Já no trecho de , quem aparece é Geraldo, o último entrevistado do filme. Ele conta que, embora orgulhoso do trabalho que realizou, não deseja que o filho siga pelo mesmo caminho que ele. Melhor seria que o menino se tornasse engenheiro, por exemplo. A certa altura, para de falar. Dessa vez, Coutinho não insiste. Espera que Geraldo retome a conversa. Até que o entrevistado lhe lança uma pergunta desconcertante: ‘você já foi peão?’


“Na primeira, você estava à beira de um ataque de nervos. Nesse aqui, está sereno, tranquilo, e o silêncio é extremamente significativo”, comentou Escorel.


“Tive outras experiências antes e depois, e fui aprendendo com a vida que, quando o cara ficava em silêncio e caía no fundo do poço, era tão duro que eu estendia a mão, dava a palavra e outro saía do poço. E eu dizia para mim mesmo: um dia eu vou deixar o cara no fundo do poço porque ele vai conseguir sair, não vai morrer disso. Quando esse homem [Geraldo] entra no poço, passam-se 23 segundos, e eu aguento. Tive que aguentar olhando para ele. É um silêncio que não sei onde está... Ele está revendo a vida dele. Quando vem com essa pergunta, é extraordinária”, disse Coutinho. “Ele não quer que o filho dele seja peão. Quando pergunta [se eu já fui], diz tudo: ele não pode transmitir a experiência de ser peão.”

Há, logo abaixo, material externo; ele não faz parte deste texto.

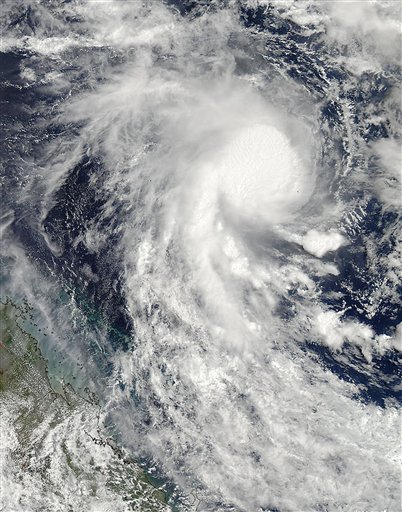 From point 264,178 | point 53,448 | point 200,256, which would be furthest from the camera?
point 53,448

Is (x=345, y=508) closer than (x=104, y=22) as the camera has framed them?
Yes

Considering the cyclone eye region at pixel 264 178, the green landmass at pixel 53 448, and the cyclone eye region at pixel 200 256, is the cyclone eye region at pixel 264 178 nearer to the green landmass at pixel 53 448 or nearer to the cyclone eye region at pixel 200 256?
the cyclone eye region at pixel 200 256

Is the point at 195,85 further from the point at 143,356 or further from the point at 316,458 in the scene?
the point at 316,458

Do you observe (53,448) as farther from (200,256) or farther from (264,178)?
(264,178)

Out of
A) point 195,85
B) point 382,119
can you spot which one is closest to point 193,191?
point 195,85

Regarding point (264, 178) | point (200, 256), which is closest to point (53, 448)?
point (200, 256)

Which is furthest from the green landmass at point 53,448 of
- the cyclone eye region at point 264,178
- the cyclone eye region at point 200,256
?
the cyclone eye region at point 264,178

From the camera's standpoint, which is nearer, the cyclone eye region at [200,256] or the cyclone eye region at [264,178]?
the cyclone eye region at [200,256]

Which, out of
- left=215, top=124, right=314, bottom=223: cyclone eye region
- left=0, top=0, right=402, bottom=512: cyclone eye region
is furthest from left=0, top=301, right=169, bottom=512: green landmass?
left=215, top=124, right=314, bottom=223: cyclone eye region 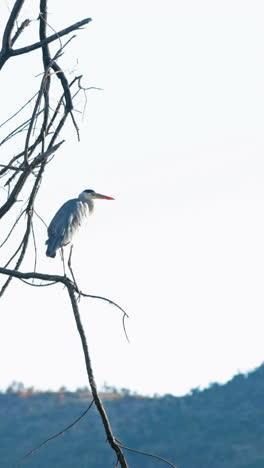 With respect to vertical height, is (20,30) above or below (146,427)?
below

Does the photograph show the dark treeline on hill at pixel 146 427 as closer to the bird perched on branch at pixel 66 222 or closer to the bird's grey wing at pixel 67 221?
the bird perched on branch at pixel 66 222

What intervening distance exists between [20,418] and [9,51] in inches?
1474

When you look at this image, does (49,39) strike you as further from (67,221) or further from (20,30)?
(67,221)

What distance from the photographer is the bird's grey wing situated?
33.3 ft

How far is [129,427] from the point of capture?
41.1 meters

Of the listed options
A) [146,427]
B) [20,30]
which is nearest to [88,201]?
[20,30]

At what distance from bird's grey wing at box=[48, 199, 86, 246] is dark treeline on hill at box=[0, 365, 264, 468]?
28.2 m

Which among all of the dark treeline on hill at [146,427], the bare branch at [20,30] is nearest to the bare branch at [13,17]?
the bare branch at [20,30]

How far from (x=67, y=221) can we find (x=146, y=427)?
32232 millimetres

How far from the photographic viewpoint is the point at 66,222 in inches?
420

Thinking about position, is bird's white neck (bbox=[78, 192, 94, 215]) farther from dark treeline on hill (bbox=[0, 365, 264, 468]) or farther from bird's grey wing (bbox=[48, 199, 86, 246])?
dark treeline on hill (bbox=[0, 365, 264, 468])

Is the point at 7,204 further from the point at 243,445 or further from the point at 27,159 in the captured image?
the point at 243,445

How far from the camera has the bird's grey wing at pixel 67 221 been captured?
10148 mm

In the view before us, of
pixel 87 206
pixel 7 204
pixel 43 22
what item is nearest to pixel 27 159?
pixel 7 204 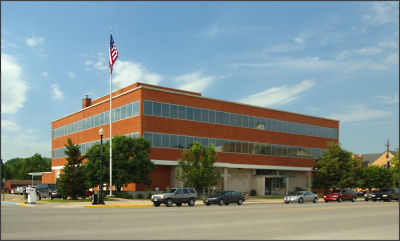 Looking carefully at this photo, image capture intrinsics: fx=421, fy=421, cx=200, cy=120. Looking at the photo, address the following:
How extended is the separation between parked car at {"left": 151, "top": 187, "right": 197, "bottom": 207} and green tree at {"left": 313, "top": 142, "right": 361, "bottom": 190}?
112 feet

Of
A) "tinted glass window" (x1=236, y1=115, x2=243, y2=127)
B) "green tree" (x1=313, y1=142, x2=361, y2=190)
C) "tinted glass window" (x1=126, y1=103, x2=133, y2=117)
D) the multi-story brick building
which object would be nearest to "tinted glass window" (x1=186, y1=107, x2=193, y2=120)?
the multi-story brick building

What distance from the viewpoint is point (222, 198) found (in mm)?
37156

Escorel também observou, nesse mesmo trecho de Peões, como Coutinho vai questionando Geraldo a respeito do significado das palavras que o entrevista usa. O que significa peão, por exemplo? E depois, mais especificamente: O que significa ser peão de pé no chão? “Não se pode tomar como pressuposto que as palavras queiram dizer a mesma coisa para o entrevistado e o espectador. E parece ser esse o caminho que você pensa desenvolver”, comentou Escorel. Coutinho concordou: “Ele faz a distinção entre o peão e o funcionário pago, que é aquele que pode ter uma folga para ir ao médico, por exemplo. Ele deu sentido ao nome do filme, que havia sido escolhido antes.”


Arrancando várias risadas do público, o cineasta também respondeu a perguntas sobre como escolhe os participantes de seus filmes. “Saber contar é essencial”, disse. “Tem caras que viajam pelo mundo inteiro, são assaltados no Egito, viram deus na Índia, aí contam para você, e você diz: que saco. E tem outros que passaram a vida inteira como carteiros e falam da vida de um jeito maravilhoso.”


A conversa passou ainda por seus textos para a cômica seção de astrologia da revista Piauí, que Coutinho assinou (como todos os colaboradores dessa seção) com o pseudônimo de Chantecler, e pela relação do cineasta com religião. “Eu me considero um materialista mágico. Eu queria acreditar em Deus e tal, não consigo. Mas quando o avião entra em turbulência, eu peço ajuda para todos os santos.”


O encontro acabou com uma questão sobre os protestos que têm ocorrido no país. “Isso me provocou muitas questões, mas não vou dizer todas agora. Senti uma surpresa extraordinária, mas euforia, não”, disse Coutinho. “Espero que essa surpresa seja duradoura.”